Given `f(x)=1+1/x+9/x^2+1/x^3` :

First rewrite as `f(x)=1+x^(-1)+9x^(-2)+x^(-3)`

(1) To find the intervals of increase and decrease we find where the first derivative is positive or negative. The intervals we seek are between the points where `f'(x)=0` or `f'(x)` fails to exist.

`f'(x)=-1/x^2-18/x^3-3/x^4=-(x^2+18x+3)/x^4`

 

`f'(x)=0==>x^2+18x+3=0`

`==>x=-9+-sqrt(78)` or `x~~-.1682,x~~-17.8317`

Also, the derivative fails to exist at x=0. So we check the intervals:

`(-oo,-9-sqrt(78)):` try a test value such as x=-18. `f'(-18)~~-2.8578x10^(-5)<0` so the function is decreasing on this interval.

`(-9-sqrt(78),-9+sqrt(78)):` try a test value such as x=-1. `f'(-1)=14>0` so the function is increasing on this interval.

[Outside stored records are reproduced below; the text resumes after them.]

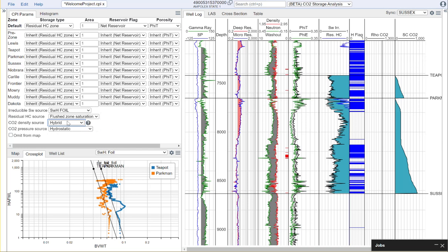For the temperature profile we're going to use the temperatures that we set up in the saturation module and for our CO2 pressure source we're going to use a hydrostatic pressure that we set up in our pore pressure module.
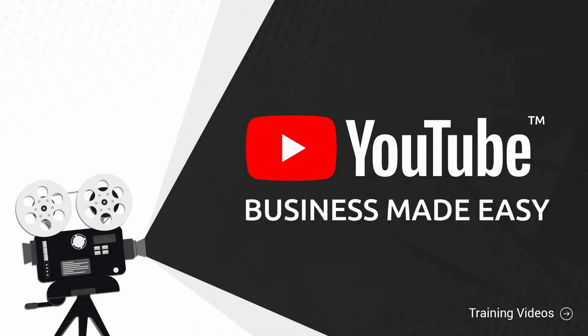Welcome to our YouTube business video training, designed to take you by the hand and walk you through the process of getting the most out of YouTube on behalf of your business. I'm very excited to have you here and I know that this will be very helpful for you.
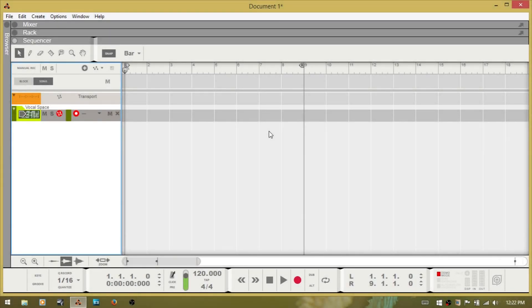Hello and welcome everyone. In this video we are going to take a look at the on-screen keyboard within Reason 8.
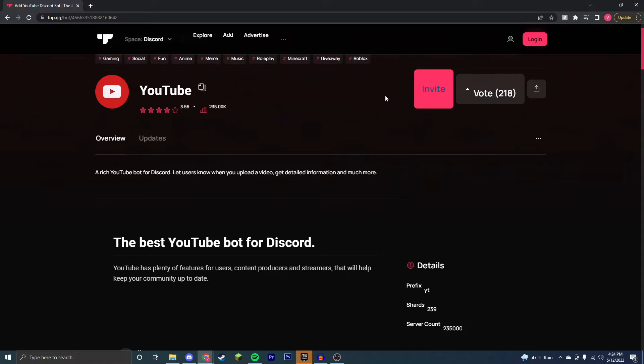Hey guys, it's Victor and today I'm going to be showing you how to get the YouTube bot for your Discord server. This bot allows you to get notifications when any YouTube channel uploads, regardless of whether it's your YouTube channel or not, in your Discord server.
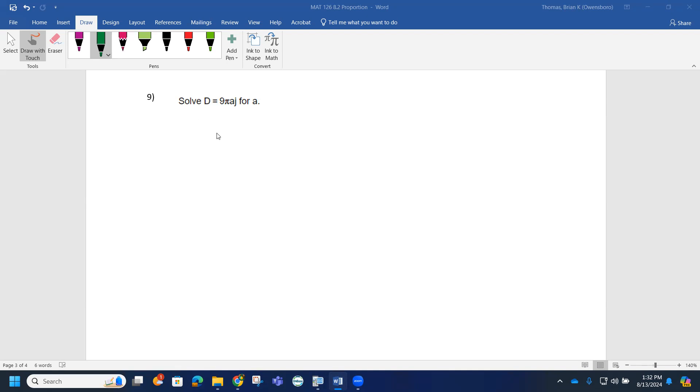Since I'm solving for a, I would like to rewrite the equation as 9πaj on the left side and D on the right side.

** The point at `x=-9-sqrt(78)` is a local minimum. The point at `x=-9+sqrt(78)` is a local maximum**

`(-9+sqrt(78),0):` try a test value such as x=-.1. `f'(-.1)=-12100<0` so the function is decreasing on this interval.

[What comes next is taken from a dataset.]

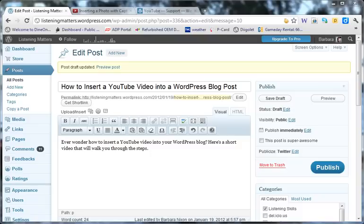If you've ever wondered how blog authors get videos into their WordPress blog posts, I'm going to show you how amazingly simple it is to do.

`(0,oo):` It is clear that the first derivative is negative for all x>0, so the function decreases on this interval.

(2) To find the intervals of concavity we examine the second derivative:

`f''(x)=2/x^3+54/x^4+12/x^5=(2(x^2+27x+6))/x^5`

The second derivative is zero at `x=-27/2+-sqrt(705)/2` . The second derivative fails at x=0. So we try the intervals:

`(-oo,-27/2-sqrt(705)/2):` try a test value such as x=-27: `f''(-27)~~-8.363x10^(-7)<0` so the function is concave down on this interval.

`(-27/2-sqrt(705)/2,-27/2+sqrt(705)/2)` `f''(-2)=2.75>0` so the function is concave up on this interval.

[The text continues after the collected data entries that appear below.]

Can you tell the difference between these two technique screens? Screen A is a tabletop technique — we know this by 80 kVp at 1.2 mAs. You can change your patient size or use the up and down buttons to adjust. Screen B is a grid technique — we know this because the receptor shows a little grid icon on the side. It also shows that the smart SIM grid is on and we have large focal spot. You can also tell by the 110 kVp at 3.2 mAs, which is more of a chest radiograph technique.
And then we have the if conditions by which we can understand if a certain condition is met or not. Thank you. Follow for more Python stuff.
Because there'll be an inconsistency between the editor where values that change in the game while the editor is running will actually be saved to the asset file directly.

`(-27/2+sqrt(705)/2,0):` `f''(-.1)=-662000<0` so the function is concave down on this interval.

`(0,oo)` `f''(1)=68>0` so the function is concave up on this interval.

** `x=-27/2+-sqrt(705)/2` are inflection points **

Some graphs to show the interesting features:

The grapher in this program is unable to show the details around x=-17.83. There is a local minimum there.

The function is concave down, up, down; vertical asymptote; then concave up.

The function decreases, increases, decreases; vertical asymptote; then decreases.